→ **YOUR INSTRUCTIONS**:
Write out exactly the lines between the line containing "CULTSP PRO realiza" and the end of the records, counting both ends, and leave out all pictures.

Stored data entries
+++++

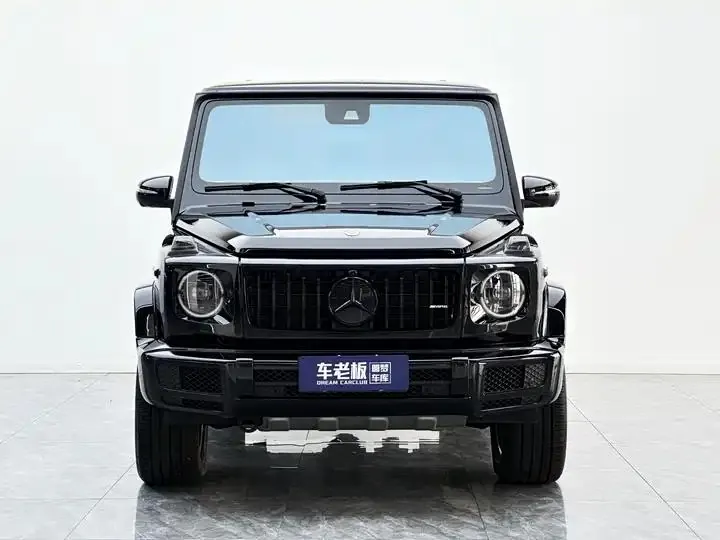 Mercedes Benz G-Class 2020G 350 2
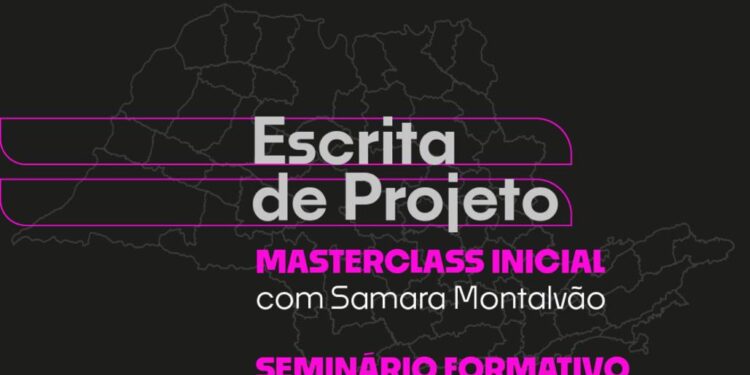 CULTSP PRO realiza masterclass e seminário formativo sobre escrita de projetos em Caraguatatuba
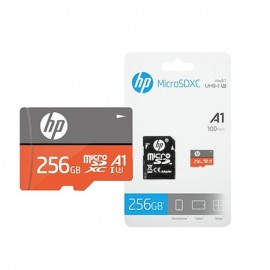 HP mxA1 UHS-I U3 256GB memoria flash MicroSDXC Clase 10 - HFUD256-1V31A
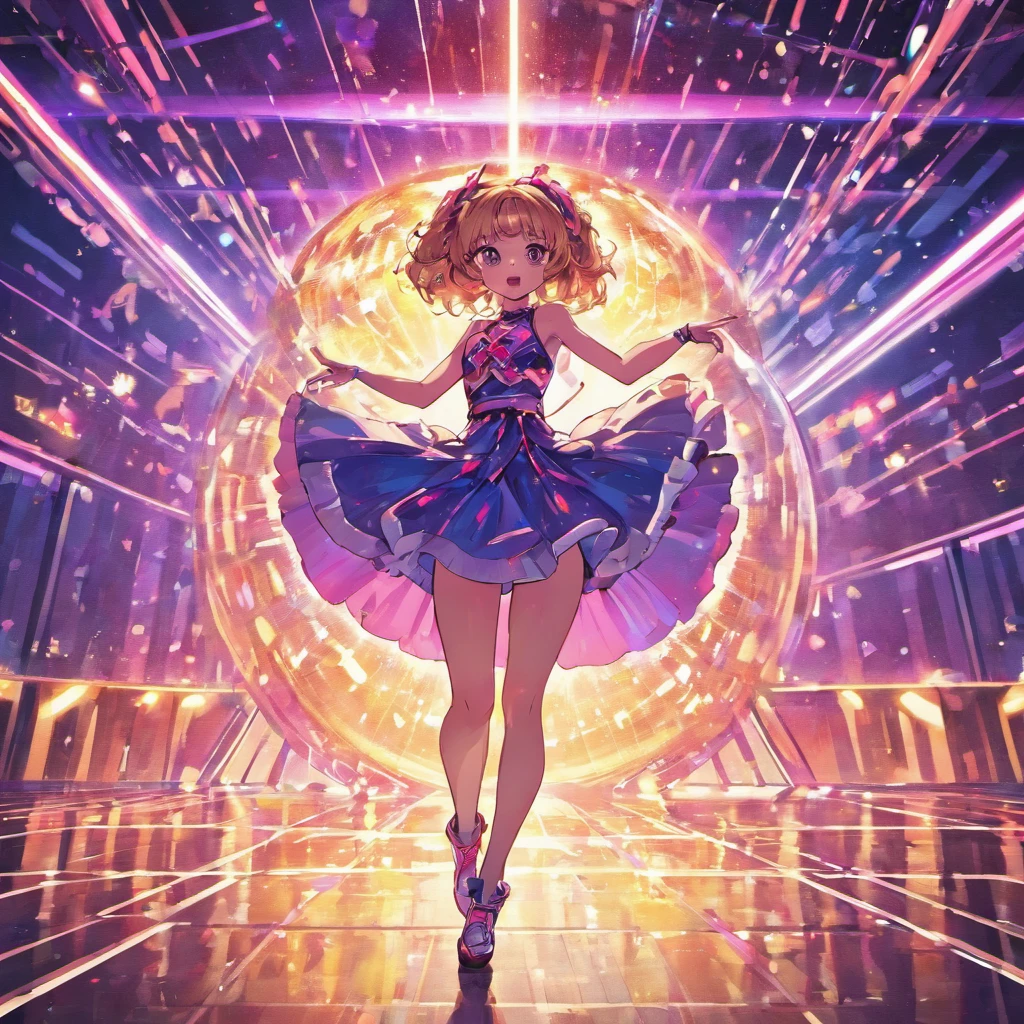 (masutepiece, of the highest quality, Best Quality, Official art, Beautiful and aesthetic:1.2), (1girl in:1.3), Extremely detailed,(Fractal Art:1.2),Colorful,highest details,(Zentangle:1.2), (Dynamic Pose), (Abstract background:1.5), (Dress of a member of parliament:1.2), (Shiny skin), (Many colors:1.4), Upper body, Thin gauze, Off-the-shoulder, blooming flower field, Glowing skin, lightsmile, Camel toe, Sexy, Bust, nakeness,From below,Ass Up wAIT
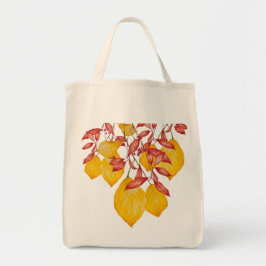 Kinderen en kurkuma op een Tas van de kerst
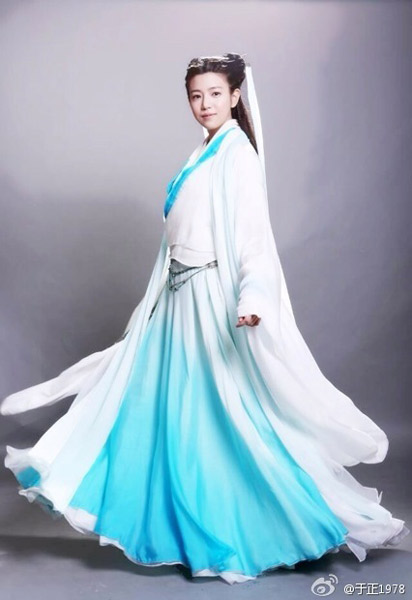 陳妍希版小龍女遭網(wǎng)友狠批 陳妍希版小龍女遭網(wǎng)友狠批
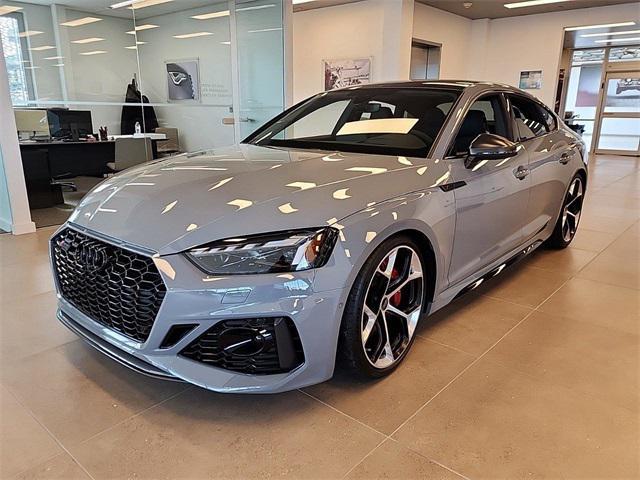 new 2025 Audi RS 5 car, priced at $93,480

+++++

→ **ANSWER**:
 CULTSP PRO realiza masterclass e seminário formativo sobre escrita de projetos em Caraguatatuba
 HP mxA1 UHS-I U3 256GB memoria flash MicroSDXC Clase 10 - HFUD256-1V31A
 (masutepiece, of the highest quality, Best Quality, Official art, Beautiful and aesthetic:1.2), (1girl in:1.3), Extremely detailed,(Fractal Art:1.2),Colorful,highest details,(Zentangle:1.2), (Dynamic Pose), (Abstract background:1.5), (Dress of a member of parliament:1.2), (Shiny skin), (Many colors:1.4), Upper body, Thin gauze, Off-the-shoulder, blooming flower field, Glowing skin, lightsmile, Camel toe, Sexy, Bust, nakeness,From below,Ass Up wAIT
 Kinderen en kurkuma op een Tas van de kerst
 陳妍希版小龍女遭網(wǎng)友狠批 陳妍希版小龍女遭網(wǎng)友狠批
 new 2025 Audi RS 5 car, priced at $93,480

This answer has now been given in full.